22/9/25 Prices

International grain futures are a sea of red this morning. The stronger USD hurting markets there and triggering further selling. Soybeans were pushed lower on reports that conversations between the US and China are going no where, and will probably continue to go no where ahead of next months OPEC summit in South Korea. Weakness in Chicago soybean futures spilled across the oilseed complex resulting in losses not only to US soybeans and soybean products, but also for Paris rapeseed and Winnipeg canola futures. Malaysian palm oil futures were also softer by roughly AUD$3.60/t.
Chicago corn futures found little support, the prospects of a 420mt+ US corn crop and the stronger USD the main bearish factors. The trade overlooked reports of another 200kt flash sale of US corn.
US corn yields are expected to be high according to the USDA. Even after the USDA reduced their August estimate of 188.8bu/ac (11.85t/ah) to 186.7bu/ac (11.71t/ha) in the September report, that is still a significant increase from last years average of 179.3bu/ac (11.25t/ah) and the 2023-24 average of 177.3bu/ac (11.12t/ha). Some analyst tend to think the current estimate is grossly overstated, and to be fair in some areas where harvest is occurring those estimates do appear to be very high. There was a number of pollination issues in some varieties this year and some rust problems in the south, both of which may have been overlooked by the USDA, time will tell.

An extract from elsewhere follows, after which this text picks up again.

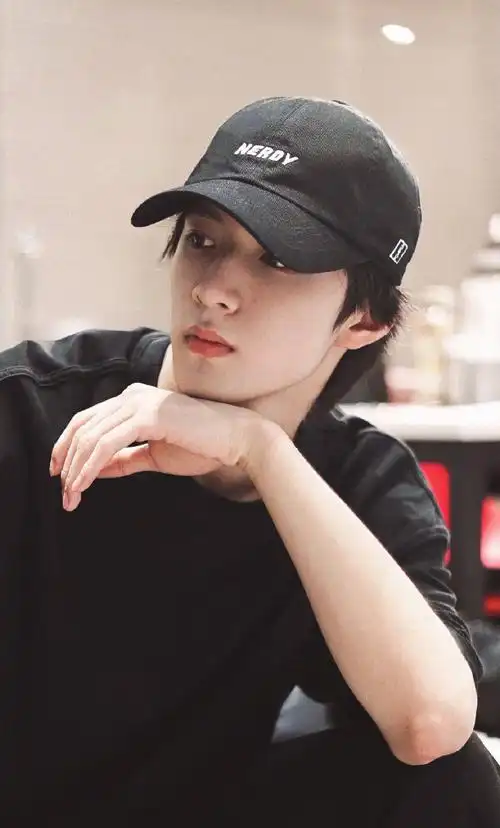 五官太好看了 刘耀文的长相真的很优越!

When comparing international cash market conversion this morning with yesterdays conversions we see the weaker AUD has helped a lot. Many export values were lower in origin currency but the AUD has in many cases halved potential losses. Many comparisons showed declines of less than a dollar. In simplistic terms the move in the AUD was worth roughly 2c/bu, SRWW futures fell just 1.75c/bu.
The AUD has also buffered some of the decline in canola and rapeseed conversions. Canola bids XF SE Saskatchewan were down CAD$4.66/t for a Dec 25 lift. When factoring in the AUD the move is roughly closer to -AUD$2.66/t. World fundamentals are unchanged as N.Hemisphere summer crop yields unfold.
There are scatted reports of last weeks frost tipping crops across southern NSW. Conditions are OK in these regions and agronomist generally expect to see the crops that have been affected out grow the tipping and compensate with what grains are now filling.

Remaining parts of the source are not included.